Not surprisingly, annual revenue growth for Cleveland-Cliffs, the largest flat-rolled steel producer in North America, has been positively stratospheric. In fact, “tech-like” is how Cleveland-Cliffs CEO Lourenco Goncalves described company growth last week in Cleveland, where he presented a keynote address during the annual Manufacturing & Technology Show. He pointed to company revenues that have leaped from $2 billion in 2019 to $5 billion in 2020 to an estimated $21 billion for 2021 to support his description.
“But it’s not like tech in terms of profitability, because we actually make money,” he added, eliciting chuckles from the audience. Indeed, the company’s quarterly revenues have increased for six straight quarters. And the 2021 third-quarter results, released in October, showcased record quarterly revenue of $6 billion and record net income of $1.3 billion, “proving that manufacturing can be profitable, steelmaking can be profitable,” Goncalves said.
Moreover, he said, it generates “good-paying, middle-class” jobs, citing median employee compensation of nearly $102,000 at Cleveland-Cliffs. “We have 25,547 employees as of this morning; we are in a growing mode, we are hiring. More than 20,000 employees are represented by unions,” Goncalves said.
Environmental and Sustainability Commitments
Cleveland-Cliffs is placing big bets on U.S. manufacturing. Goncalves’ keynote address largely outlined moves his company is undertaking to improve its own competitiveness--as well as dispel what he clearly sees as misperceptions about U.S. manufacturing.
Among the topics he hit hard was the environment. The steelmaker has aggressive goals for reducing emissions from greenhouse gases, including a 25% reduction by 2030 from 2017 levels.
“We don't have a plan for 2050 like other companies do. We have a plan for 2022, another for 2023, 2024 all the way to 2030. Because this is as far as you can go without sounding ridiculous,” Goncalves said. Think about it, he said: 30-year commitments made back in 1991 could not have factored in many of the advances made in the intervening years – such as flip phones or the internet, for example – because they simply didn’t exist or weren’t yet public.
Nevertheless, “we are fully committed to reducing our greenhouse gas emissions,” the CEO said. He described the company’s blast furnaces as the “lowest CO2-intensive” in the industry and highlighted the use of natural gas to fuel production in the company’s new direct reduction plant in Toledo.
“We put a billion dollars in this [Toledo] plant when my company was making $2 billion in revenue,” Goncalves said. “Talk about betting the farm.”
And with the addition of a scrap recycling business to the Cleveland-Cliffs mix, “we are basically reducing the need to use carbon and reducing the generation of CO2,” Goncalves said.
The steelmaker also took aim at China’s steel industry, identifying it as the primary culprit behind steel CO2 emissions—not simply because they produce more steel, but because they produce steel using processes that pollute significantly more.
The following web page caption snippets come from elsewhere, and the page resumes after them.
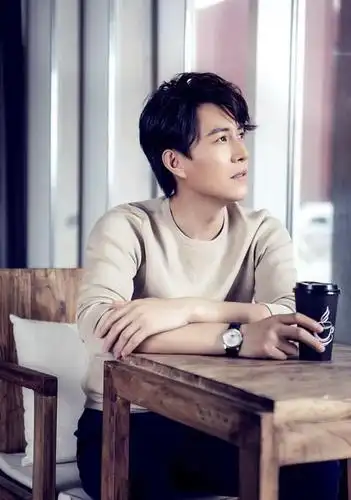 靳东清新气质写真 - 中国男明星 - 天极图片论坛 - powered by discuz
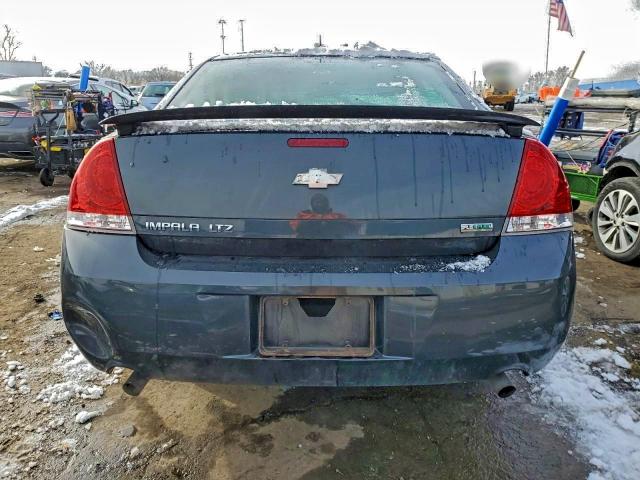 Chevrolet Impala Ltz Image 7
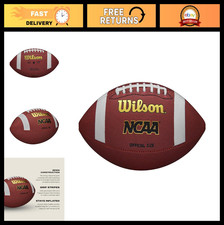 Official NCAA Football - Game Ball, Durable L...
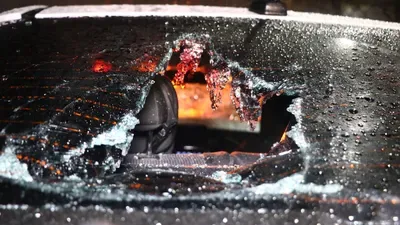 Смертельное ДТП с двумя автомобилями Chevrolet Cobalt на трассе в области Жетісу
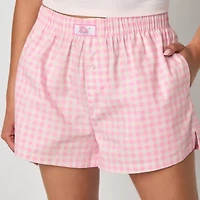 My Melody Boxer Short Juniors Womens Pull-On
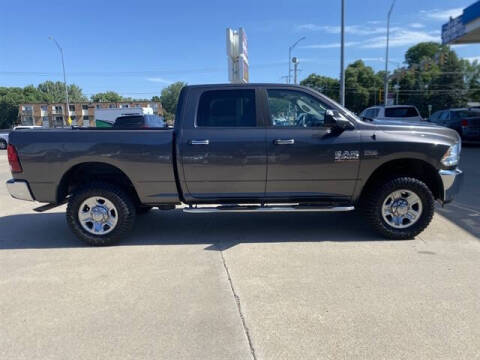 2015 RAM 2500 SLT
China's share of global steel CO2 emissions surpasses the collective steel emissions from the rest of the world, Goncalves said.
“So, if CO2 is a proxy for global warming, and I believe it is, the problem is not in the United States,” Goncalves said. “We are not the problem. The problem is in China.”
Electric Vehicles and Infrastructure
Still, steel is “inevitable if America wants to be greener,” Goncalves said, and turned the conversation toward electric vehicles and infrastructure. The Cleveland-Cliffs CEO says his company is the largest supplier of steel to the U.S. automotive industry and has the ideal tools—namely advanced high strength steel and electrical steel—to be the primary player as the auto industry transitions to electric vehicles.
“We are working with not only the new names like Tesla, like Rivian … but also the old names like Ford, General Motors, Stellantis, Toyota, Honda, Volvo, Volkswagen,” Goncalves said.
He noted that President Biden set a goal that 50% of new passenger vehicle sales in the U.S. be EVs by 2030. “That’s a very aggressive goal. We’re right there with him.”
Sticking with the electric theme, Goncalves pointed out the opportunity for U.S. steel producers in the infrastructure bill. There’s not only $7.5 billion set aside to build a national network of plug-in electric vehicle chargers, but also $65 billion assigned to modernize the electric grid.
“And that will be done with steel from Cleveland-Cliffs,” the company CEO said.